Macadam - Jean-Paul Didier Laurent

Macadam, Jean-Paul Didier Laurent

160 pages
Edition Au Diable Vauvert
Parution : Septembre 2015


4ème de couverture :
Pour tromper l’ennui lors des confessions, un prêtre s’adonne à un penchant secret. Une jeune femme trouve l’amour aux caisses d’un péage. Pendant la guerre, un bouleau blanc sauve un soldat. Un vieux graphologue se met en quête de l’écriture la plus noire. Une fois l’an, une dame pipi déverrouille la cabine numéro huit…
Primées à travers toute la France, onze nouvelles qui ont révélé l'auteur du Liseur du 6h27 et son univers à la fois noir, drôle, poétique et généreux.


    La nouvelle est un genre que j'aime de plus en plus, c'est un genre exigeant.

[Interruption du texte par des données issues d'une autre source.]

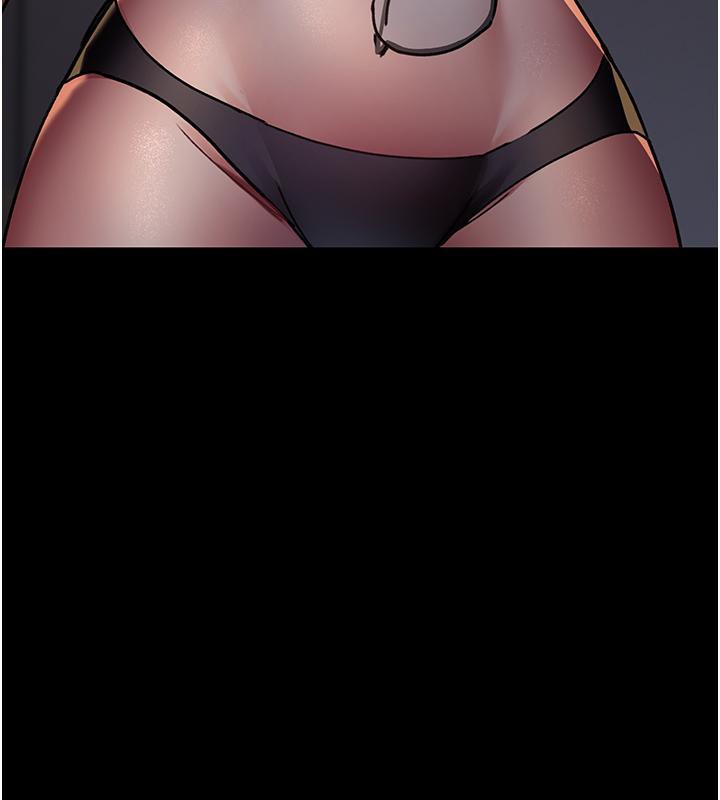 [韩国漫画] 夜间诊疗室 剧情,巨乳大奶#[204P]-3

Si le fait que le récit soit court semble faciliter l'écriture il n'en est rien. Il faut une idée complexe et riche, et un talent certain pour la développer au travers de seulement quelques pages ou quelques lignes. Il ne faut pas trop en faire ni trop en dire, mais il faut en raconter assez au lecteur pour qu'il puisse s'y retrouver et plonger dans l'histoire. Il faut savoir se contenter de l'essentiel, aller à la simplicité. Rare sont les gens qui s'essayent à la nouvelle, le font avec brio. Mais il faut bien le reconnaître Jean-Paul Didierlaurent fait parti de ceux-là.
    Tous ses textes sont bien construits, il semble au départ partir dans une direction assez évasive, et quelques lignes plus tard, il nous harponne et nous plonge tout d'un coup au coeur du récit. Il sait rendre chacun de ses personnages consistants, leur donner une existence réaliste et complète en seulement quelques mots.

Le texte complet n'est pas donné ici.